The author further show that A2A receptor knockout mice exposed to cold exhibit defective thermogenesis, oxygen consumption, and lipolysis, demonstrating the importance of the A2A receptor in mediating the thermogenic response. Moreover, pharmacological activation with an A2A receptor agonist increases oxygen consumption in mice, while inhibition with a specific A2A antagonist decreases cold-induced oxygen consumption. A2A receptor agonism acts synergistically with noradrenaline in driving lipolysis, revealing an additive thermogenic effect of adenosine with catecholamine signaling. An A2A agonist protects against diet-induced obesity in mice, leading to increases in lean mass, oxygen consumption, glucose tolerance, and browning of white fat, which signifies the potential therapeutic importance of adenosine signaling. Importantly, overexpression of the A2A receptor in inguinal white fat increases its browning, indicating that bolstering of A2A adenosine receptor expression is sufficient to initiate a thermogenic response in the presence of physiological concentration of adenosine.

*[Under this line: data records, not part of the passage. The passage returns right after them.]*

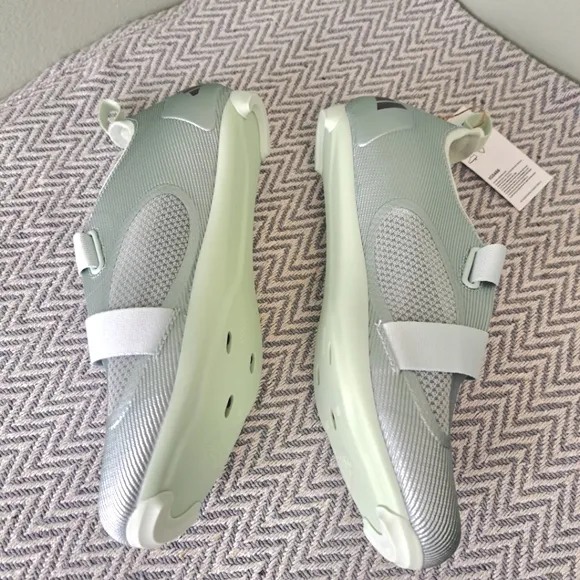 Adidas The Indoor Cycling Shoes Unisex Men's 8 1/2 and Women's 9 1/2.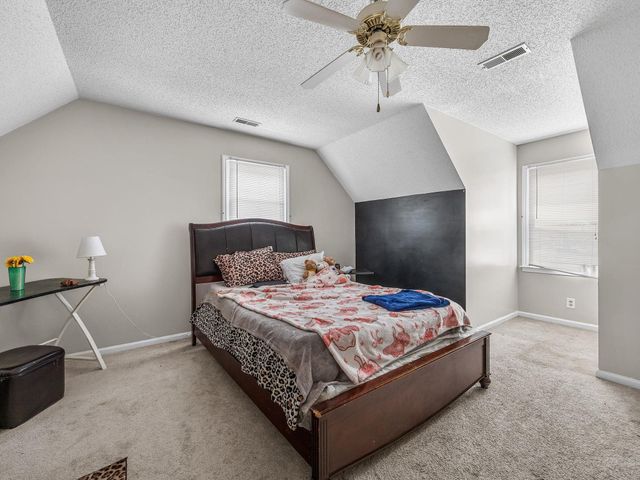 6 Hudders Creek Way, Simpsonville, SC 29680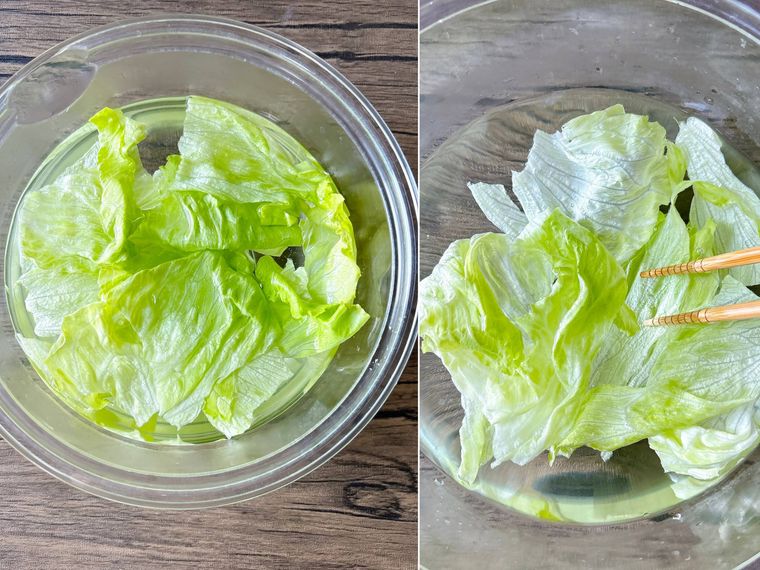 レタスを50度のお湯に浸し浮かないように箸で押さえる様子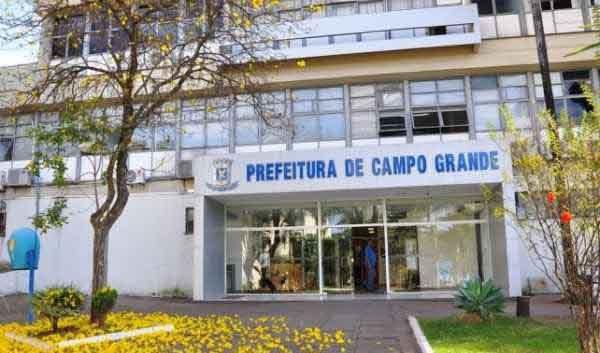 Decreto prevê volta ao trabalho presencial de servidor que recusou vacina contra Covid-19
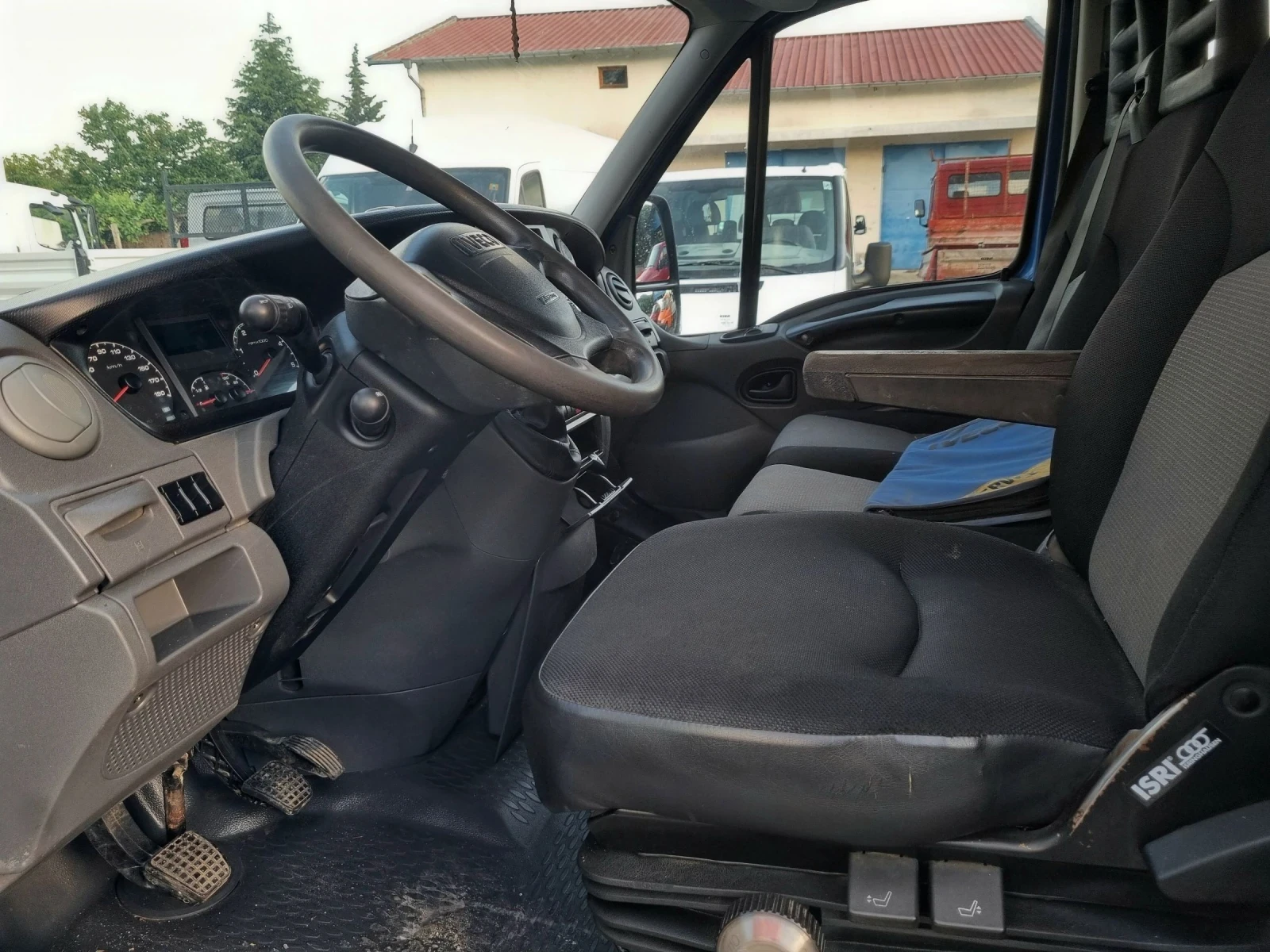 Iveco 35c15 Тристранен самосвал, снимка 11 - Бусове и автобуси - 55066614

This study reveals an endogenous purinergic signaling pathway that activates brown and beige fat. The critical signaling effector involved is cAMP, therefore the mechanism of activation is similar to those of other agents that act through the sympathetic nervous system or adrenergic signaling. It is unclear whether adenosine would contribute any additional anti-obesity effects than what has already been achieved with these other agents.

While this study demonstrates substantial effects of adenosine on thermogenesis, further studies would better elucidate the specificity toward the A2A receptor in adipocytes. Treatment of A2A knockout mice with the receptor agonist would help demonstrate whether there are effects of the agonist independent of the A2A receptor in vivo. Additionally, adipose tissue-specific A2A knockout mice would reveal whether there are any phenotypic contributions from knockout in other tissues.

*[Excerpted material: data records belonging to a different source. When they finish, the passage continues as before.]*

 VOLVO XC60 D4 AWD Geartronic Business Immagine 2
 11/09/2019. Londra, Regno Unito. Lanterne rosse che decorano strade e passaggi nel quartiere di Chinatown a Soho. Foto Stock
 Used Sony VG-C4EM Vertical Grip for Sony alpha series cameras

Another question is whether A2A receptor agonism could be used chronically as an anti-obesity therapy in the clinic, since adenosine receptors are expressed in many tissues. This study did not explore the potentially confounding effects of A2A receptor agonism on tissues such as the brain or heart, including complications from vasodilation or cardiotoxicity. Indeed, A2A receptor antagonists have been used in clinical trials for Parkinson's disease, highlighting the possible adverse effects of A2A receptor agonism on the brain. The effect of adenosine on lipolysis also raises the question of whether this pathway is involved in the lipoatrophy caused by nucleoside analogues used as anti-retroviral drugs. Nevertheless, this work adds important information about a cellular signaling pathway that may be leveraged in finding new therapies for obesity and metabolic diseases.